La fredda luce del giorno
Il versante tecnico di Dying Light 2 è l’ennesimo specchio di un’opera non completamente a fuoco, vittima in parte della sua natura cross-generazionale ma anche funestata da due anni di sviluppo capitati nel peggior periodo possibile. Ciò non toglie che in termini di ottimizzazioni si sarebbe dovuto far di più, su PC il titolo risulta fluido solo su configurazioni più che performanti e pur scendendo ai minimi compromessi, perlomeno prima del d1, anche su una macchina che rientra abbondantemente nei requisiti minimi, spesso il gioco non riesce a stare al passo. Alcuni bug e difetti visivi poi portano l’esperienza a non essere sempre pulita e “quadrata” come dovrebbe, sebbene potendosi – quasi – sempre affidare ad un colpo d’occhio d’impatto. Avendo testato il titolo anche su Xbox Series X, post patch d1, ho trovato che al netto di alcune sbavature non troppo consistenti, il titolo risulti molto gradevole in modalità Performance ma pericolosamente incerto se spostato su Qualità. Il mondo però si rivela estremamente generoso di dettagli e traboccante di anfratti e strade da percorrere, restituendo l’idea di una città ferita e corrotta ma al tempo stesso viva e presente. L’intricato scheletro di una società decaduta e senza abbastanza forza per rialzarsi.
Nel complesso insomma, Dying Light 2 – Stay Human è vittima non solo degli eventi ma anche di sé stesso. Esce oltretutto in uno dei mesi più floridi dell’ultimo lustro in quanto uscite e difficilmente può spuntarla sui suoi numerosi avversari.

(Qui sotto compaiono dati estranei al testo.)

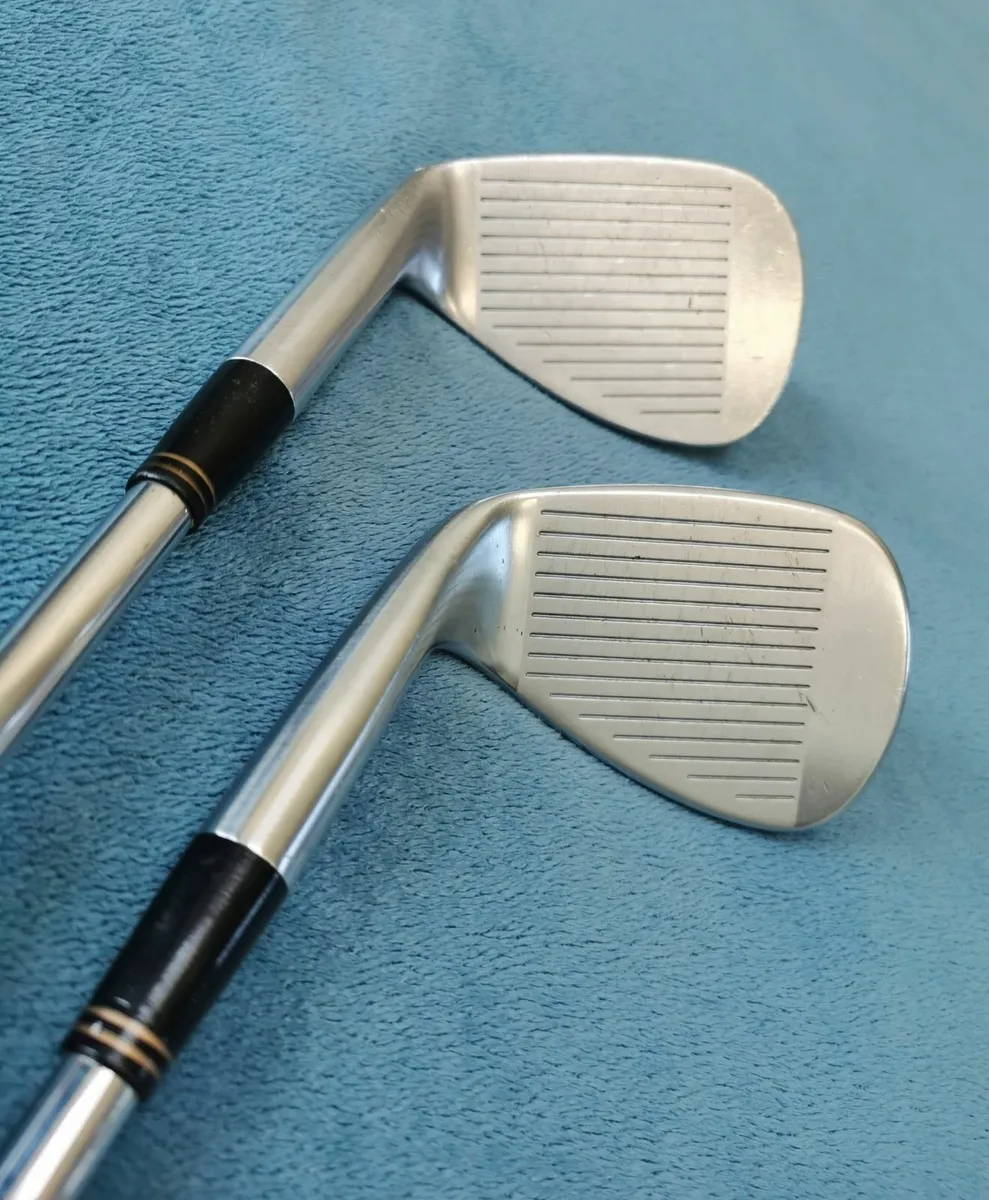 Miura Japanese Forged Wedges - Image 3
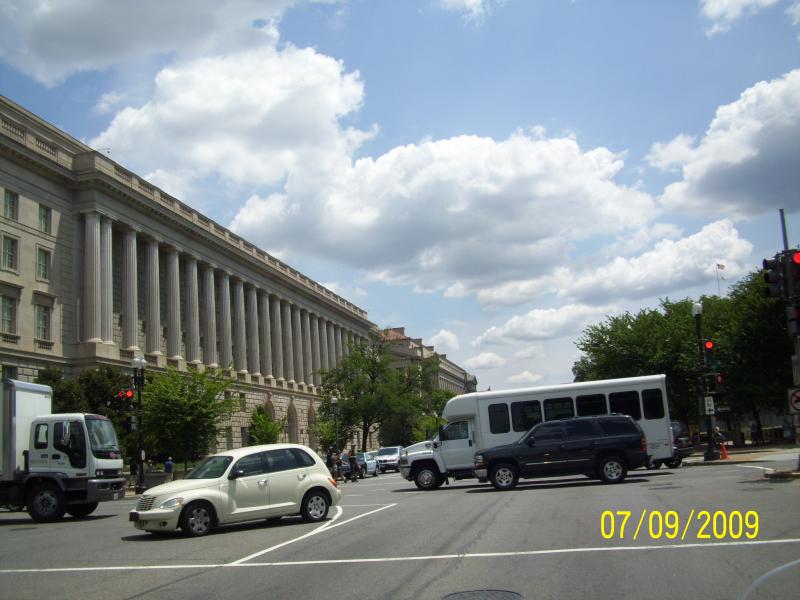 DC again.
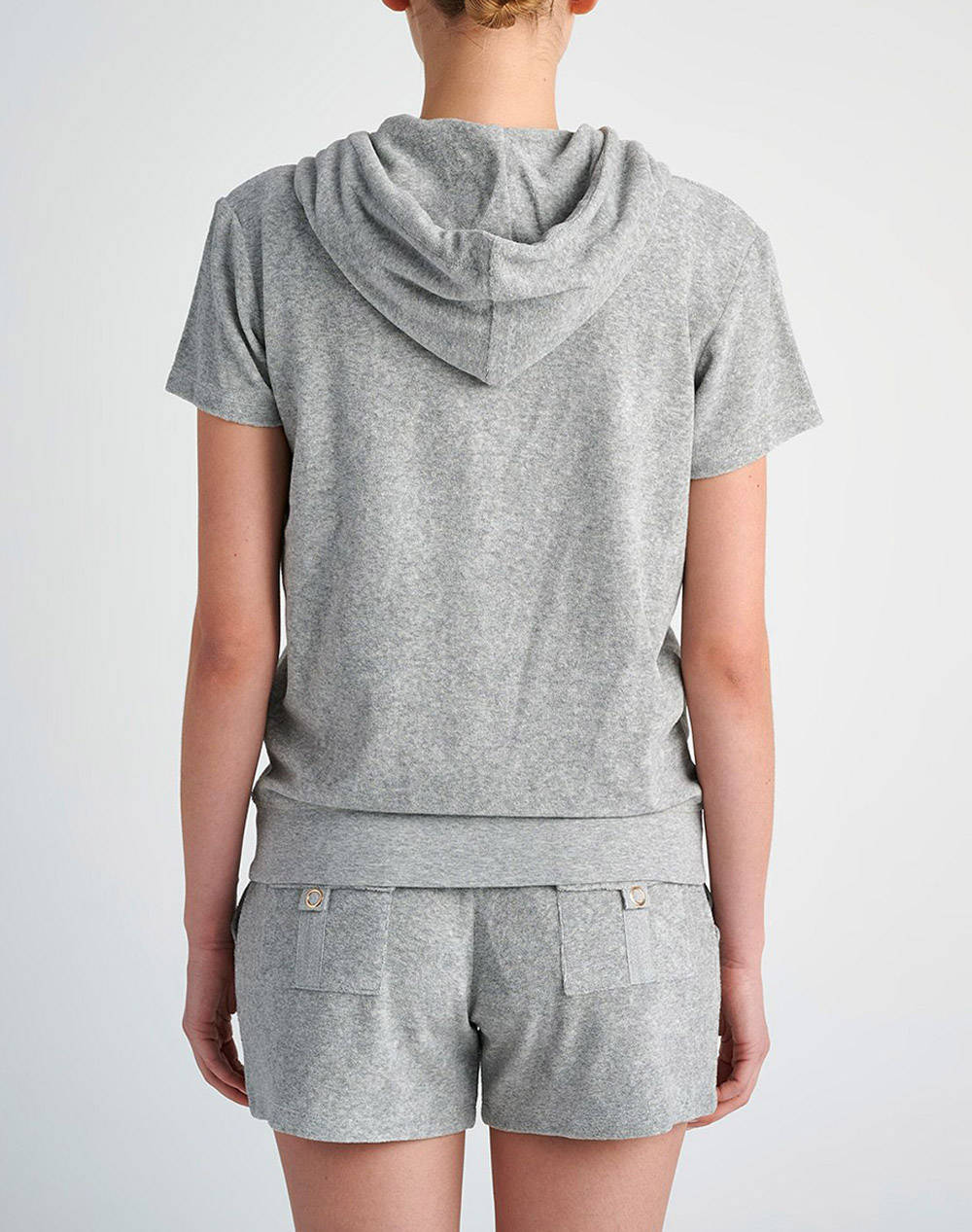 SUGARFREE JACKET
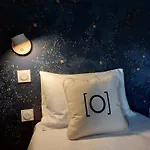Le Des O Lejlighed
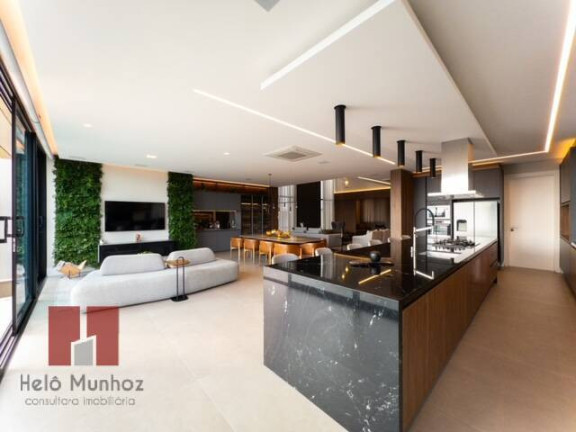Imagem Casa com 4 Quartos à Venda, 490 m² em Alphaville - Santana De Parnaíba Imagem Casa com 4 Quartos à Venda, 490 m² em Alphaville - Santana De Parnaíba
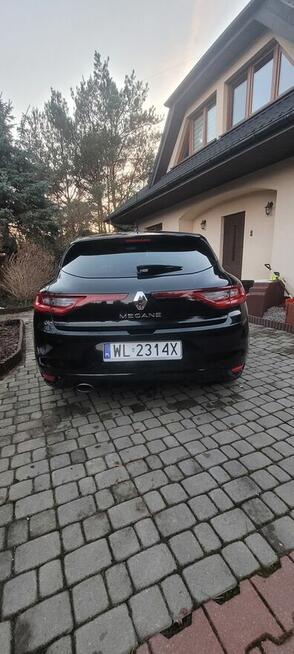 Renault Megane ENERGY TCe 130 BOSE EDITION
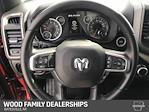 New 2025 Ram 1500 Tradesman Crew Cab 4x4 Pickup for sale #C25455 - photo 16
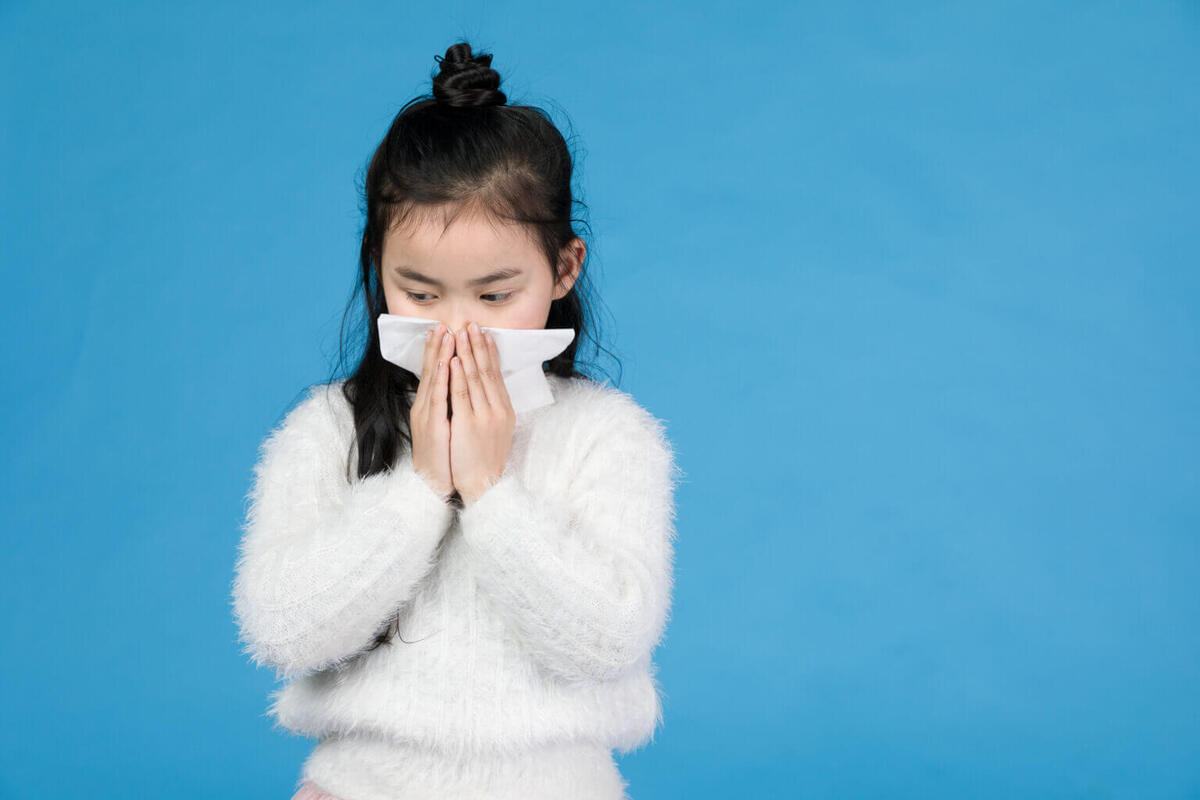 thời tiết thất thường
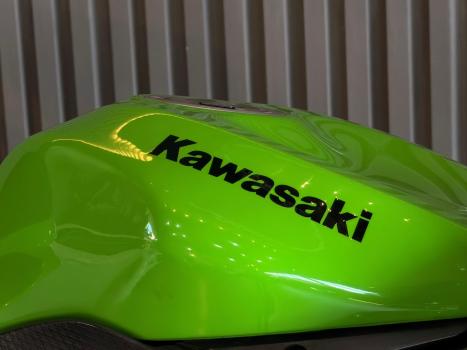 KAWASAKI ZX 6 R 600, Foto 6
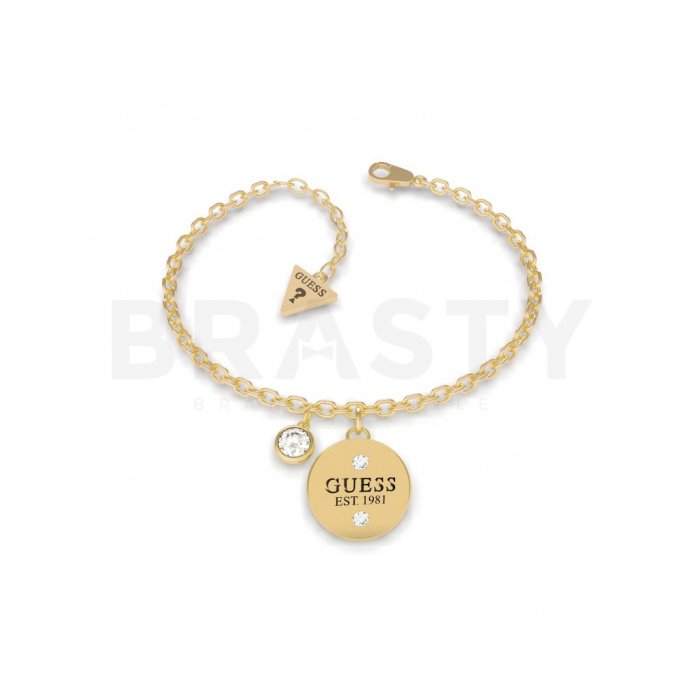 Guess brățară ubb79054-s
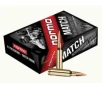 Norma 6 5 Creedmoor 143gr Golden Target BTHP 20rds - 10166522
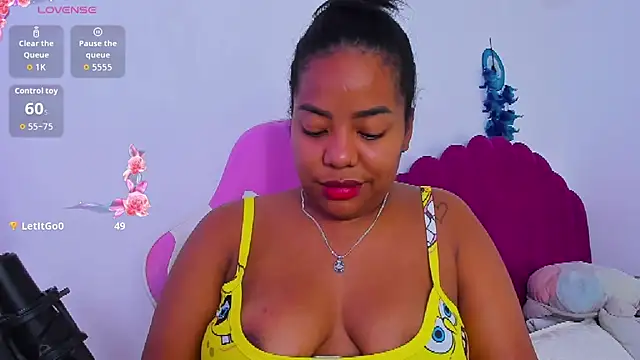 Czat XXX na żywo – samanthaabloom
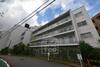 桃山台駅より徒歩9分 3階 築45年9ヶ月の賃貸物件
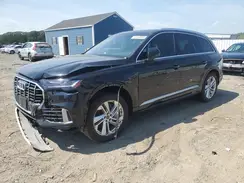 WA1AXAF7XMD024812 2021 AUDI Q7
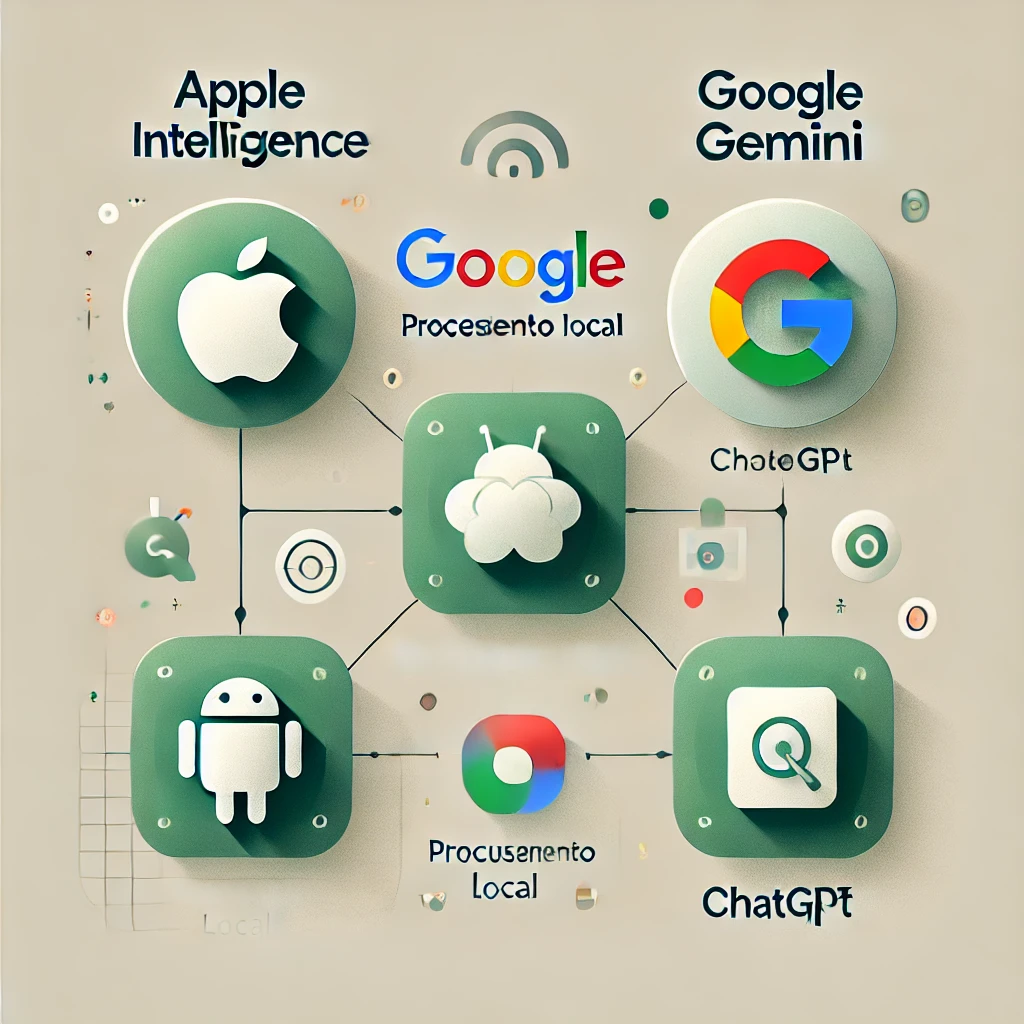 Apple Intelligence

Inoltre, in un’epoca in cui il pubblico si rivela sempre più esigente e troppo spesso capriccioso, un titolo valido ma decisamente imperfetto come questo potrebbe soccombere alle alte aspettative dei giocatori. Un doppio peccato perché, nonostante tutto, quella di Dying Light 2 è un’esperienza sì malferma e incompleta ma anche genuinamente divertente. La scrittura non sempre è a fuoco e si passa da dialoghi e personaggi scritti ottimamente a soluzioni narrative che portano più di un sopracciglio a inarcarsi. Il combat system risulta troppo monocordo ma quando ci si addentra nel mondo di gioco, si vede tutta la bontà della produzione. Dying Light 2 sarebbe dovuto essere più morigerato nei sogni, mantenendo l’attenzione sui suoi veri punti di forza e investendo in essi le proprie energie, scegliendo invece un percorso più impervio, perdendosi a più riprese per la strada. Ma è un viaggio che vale comunque la pena percorrere.